Security Architecture

Overview

Security Architects are the trusted security advisors of GitLab Engineering. Security Architecture is a natural extension of the greater Architecture initiative at GitLab. It is the preliminary and necessary work to build software with security considerations.

Objectives

Security Architecture protects the organization from cyber harm, and support present and future business needs by:

The process is designed with these constraints in mind:

  • aligned with our values
  • asynchronous
  • self-service as much as possible
  • avoid being a bottleneck in the software development life cycle
  • deliberately simple and concise
  • automated as much as possible
  • DRY with strong notes

Scope of Security Architecture

Any change in our product offering (whether it is a feature, a service, or an acquisition), that would impact our security posture. Our security posture is defined by:

  • the components we build upon
  • the components we embed
  • everything infrastructure
  • 3rd party services
  • software architecture
  • reference architectures

Security Architecture Requirements

Application Security

The Application Security team provides guidelines and requirements to follow during all the life cycle of source code:

InfraSec

Compliance

Cryptography

Security Architecture Principles

The Security Architecture Principles are not requirements nor decisions, but something in between.

Our principles are based on two simple pillars:

  1. Least privilege
  2. Network isolation

They are detailed below with the principles taken from the book Software Systems Architecture (see references) and this ACCU 2019 related video.
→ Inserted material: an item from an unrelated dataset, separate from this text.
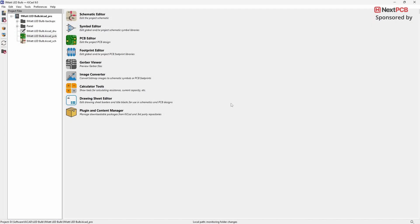In this video, I'll show you a few more plugins that can help you streamline your work in KiCad 9. If you haven't watched my previous video on plugins, I recommend checking it out first. In that video, I covered some very useful plugins that you'll definitely find helpful.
These are very close to the OWASP Security Design Principles but are easier to understand and apply.

Assign the least privilege possible

Why

Broad privileges allow malicious or accidental access to protected resources.

How

  • Give only the minimum level of access rights (privileges) that is necessary to a user or service to complete an assigned operation. This right must be given only for a minimum amount of time that is necessary to complete the operation.
  • Do not use administrative accounts for application access
  • Use separate accounts for sensitive data

Examples

  • Run service processes as their own users with exactly the set of privileges they require
  • Grant read-only permissions when no updates are required
  • When updates are required, limit to the scope to the target resource only

Separate responsibilities

Why

Limit the blast radius of successful attacks: When one part of the system is compromised, the whole system is not.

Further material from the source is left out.